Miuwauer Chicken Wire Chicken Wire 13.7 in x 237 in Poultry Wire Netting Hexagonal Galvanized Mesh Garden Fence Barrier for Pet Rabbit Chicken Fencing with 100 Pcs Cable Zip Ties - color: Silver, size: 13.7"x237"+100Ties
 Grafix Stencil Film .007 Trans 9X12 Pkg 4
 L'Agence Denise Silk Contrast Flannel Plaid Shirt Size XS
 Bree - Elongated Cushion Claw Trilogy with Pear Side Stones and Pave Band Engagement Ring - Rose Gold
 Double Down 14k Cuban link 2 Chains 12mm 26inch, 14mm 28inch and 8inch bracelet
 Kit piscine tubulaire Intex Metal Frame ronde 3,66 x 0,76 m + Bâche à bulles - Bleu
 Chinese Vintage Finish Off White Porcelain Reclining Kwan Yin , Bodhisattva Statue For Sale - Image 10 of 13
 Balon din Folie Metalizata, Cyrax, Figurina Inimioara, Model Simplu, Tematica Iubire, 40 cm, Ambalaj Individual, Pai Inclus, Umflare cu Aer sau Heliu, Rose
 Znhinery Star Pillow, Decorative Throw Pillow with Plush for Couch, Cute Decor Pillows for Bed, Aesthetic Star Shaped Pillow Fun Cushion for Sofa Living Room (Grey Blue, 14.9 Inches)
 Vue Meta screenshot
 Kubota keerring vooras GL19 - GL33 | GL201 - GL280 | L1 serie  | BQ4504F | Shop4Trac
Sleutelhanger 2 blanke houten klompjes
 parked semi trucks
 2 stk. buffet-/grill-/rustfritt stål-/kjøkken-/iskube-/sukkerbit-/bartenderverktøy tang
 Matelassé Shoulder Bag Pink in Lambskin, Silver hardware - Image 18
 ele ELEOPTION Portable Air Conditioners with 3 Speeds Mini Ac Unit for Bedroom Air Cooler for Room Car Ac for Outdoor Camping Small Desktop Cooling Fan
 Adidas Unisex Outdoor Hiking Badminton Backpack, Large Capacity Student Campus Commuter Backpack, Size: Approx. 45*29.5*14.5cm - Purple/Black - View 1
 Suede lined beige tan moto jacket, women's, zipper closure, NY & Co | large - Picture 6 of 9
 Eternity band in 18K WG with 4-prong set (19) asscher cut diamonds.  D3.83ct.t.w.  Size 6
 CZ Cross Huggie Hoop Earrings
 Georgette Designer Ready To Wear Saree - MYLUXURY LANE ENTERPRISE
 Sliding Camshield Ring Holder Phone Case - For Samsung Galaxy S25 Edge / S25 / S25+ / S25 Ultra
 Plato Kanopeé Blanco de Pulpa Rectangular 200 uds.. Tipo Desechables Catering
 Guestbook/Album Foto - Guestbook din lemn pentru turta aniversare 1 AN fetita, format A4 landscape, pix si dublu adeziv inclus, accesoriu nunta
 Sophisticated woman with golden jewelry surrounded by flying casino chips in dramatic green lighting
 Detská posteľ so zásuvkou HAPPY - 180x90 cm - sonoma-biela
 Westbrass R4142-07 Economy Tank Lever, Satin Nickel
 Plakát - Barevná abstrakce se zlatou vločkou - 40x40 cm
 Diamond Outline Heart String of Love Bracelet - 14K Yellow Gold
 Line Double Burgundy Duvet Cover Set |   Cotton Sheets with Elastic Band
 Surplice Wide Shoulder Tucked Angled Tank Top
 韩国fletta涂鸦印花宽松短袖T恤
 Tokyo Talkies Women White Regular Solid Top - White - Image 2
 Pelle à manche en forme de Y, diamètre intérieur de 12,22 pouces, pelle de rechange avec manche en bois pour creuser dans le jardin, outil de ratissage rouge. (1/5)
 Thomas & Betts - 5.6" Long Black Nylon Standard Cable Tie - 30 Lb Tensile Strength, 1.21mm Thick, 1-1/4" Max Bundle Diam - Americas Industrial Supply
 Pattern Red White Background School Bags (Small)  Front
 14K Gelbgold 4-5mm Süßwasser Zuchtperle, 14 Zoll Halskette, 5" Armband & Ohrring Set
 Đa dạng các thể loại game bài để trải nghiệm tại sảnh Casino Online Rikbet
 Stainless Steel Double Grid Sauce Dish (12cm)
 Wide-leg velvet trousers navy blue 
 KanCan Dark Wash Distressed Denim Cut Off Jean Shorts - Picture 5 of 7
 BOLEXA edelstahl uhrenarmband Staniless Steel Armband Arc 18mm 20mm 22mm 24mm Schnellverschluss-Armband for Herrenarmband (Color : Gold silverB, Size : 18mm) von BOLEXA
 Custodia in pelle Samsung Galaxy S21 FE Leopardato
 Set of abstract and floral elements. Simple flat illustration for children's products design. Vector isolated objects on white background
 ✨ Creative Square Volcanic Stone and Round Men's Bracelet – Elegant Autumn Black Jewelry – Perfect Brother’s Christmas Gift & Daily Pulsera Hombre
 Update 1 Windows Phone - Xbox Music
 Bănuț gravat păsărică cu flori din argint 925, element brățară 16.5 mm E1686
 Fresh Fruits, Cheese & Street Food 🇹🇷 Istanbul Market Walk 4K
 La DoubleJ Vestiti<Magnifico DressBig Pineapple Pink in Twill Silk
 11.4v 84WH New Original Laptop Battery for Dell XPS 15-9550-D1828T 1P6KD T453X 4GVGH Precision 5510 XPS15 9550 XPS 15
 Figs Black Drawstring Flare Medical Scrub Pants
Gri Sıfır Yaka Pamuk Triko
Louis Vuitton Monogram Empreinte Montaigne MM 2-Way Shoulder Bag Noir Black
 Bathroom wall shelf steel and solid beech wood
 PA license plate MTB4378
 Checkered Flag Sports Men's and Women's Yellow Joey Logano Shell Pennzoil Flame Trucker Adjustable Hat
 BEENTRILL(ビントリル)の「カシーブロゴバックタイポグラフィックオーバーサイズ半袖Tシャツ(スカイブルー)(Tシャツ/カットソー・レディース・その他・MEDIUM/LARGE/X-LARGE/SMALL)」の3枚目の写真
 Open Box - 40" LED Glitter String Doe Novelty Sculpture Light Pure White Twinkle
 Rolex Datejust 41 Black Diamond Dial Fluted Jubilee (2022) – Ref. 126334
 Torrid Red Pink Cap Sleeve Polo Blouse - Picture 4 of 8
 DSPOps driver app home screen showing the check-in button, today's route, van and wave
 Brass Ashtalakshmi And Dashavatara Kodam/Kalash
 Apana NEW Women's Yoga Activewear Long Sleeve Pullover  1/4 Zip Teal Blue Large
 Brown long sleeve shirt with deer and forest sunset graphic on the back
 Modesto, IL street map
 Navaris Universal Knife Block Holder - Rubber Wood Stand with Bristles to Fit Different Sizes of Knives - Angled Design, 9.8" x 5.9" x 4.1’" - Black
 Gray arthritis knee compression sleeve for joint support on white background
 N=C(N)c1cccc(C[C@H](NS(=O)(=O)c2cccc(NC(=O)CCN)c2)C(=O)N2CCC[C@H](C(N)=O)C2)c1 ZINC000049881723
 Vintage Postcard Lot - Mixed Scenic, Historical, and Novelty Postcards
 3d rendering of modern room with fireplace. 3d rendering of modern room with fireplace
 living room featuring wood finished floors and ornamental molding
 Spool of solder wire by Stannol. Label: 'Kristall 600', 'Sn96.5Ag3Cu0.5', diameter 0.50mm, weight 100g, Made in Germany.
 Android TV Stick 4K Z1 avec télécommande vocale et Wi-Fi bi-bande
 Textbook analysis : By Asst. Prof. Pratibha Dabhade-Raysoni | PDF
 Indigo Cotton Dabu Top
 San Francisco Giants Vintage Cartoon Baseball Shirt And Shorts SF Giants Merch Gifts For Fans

● ● ● ● ● ● ●

-- WHAT NEEDS TO BE DONE --
Only the lines above starting at the line that holds "Bathroom wall shelf" and ending at the line that holds "Modesto, IL street map" are to be repeated, exactly and in full.

-- PROBLEM SOLUTION --
 Bathroom wall shelf steel and solid beech wood
 PA license plate MTB4378
 Checkered Flag Sports Men's and Women's Yellow Joey Logano Shell Pennzoil Flame Trucker Adjustable Hat
 BEENTRILL(ビントリル)の「カシーブロゴバックタイポグラフィックオーバーサイズ半袖Tシャツ(スカイブルー)(Tシャツ/カットソー・レディース・その他・MEDIUM/LARGE/X-LARGE/SMALL)」の3枚目の写真
 Open Box - 40" LED Glitter String Doe Novelty Sculpture Light Pure White Twinkle
 Rolex Datejust 41 Black Diamond Dial Fluted Jubilee (2022) – Ref. 126334
 Torrid Red Pink Cap Sleeve Polo Blouse - Picture 4 of 8
 DSPOps driver app home screen showing the check-in button, today's route, van and wave
 Brass Ashtalakshmi And Dashavatara Kodam/Kalash
 Apana NEW Women's Yoga Activewear Long Sleeve Pullover  1/4 Zip Teal Blue Large
 Brown long sleeve shirt with deer and forest sunset graphic on the back
 Modesto, IL street map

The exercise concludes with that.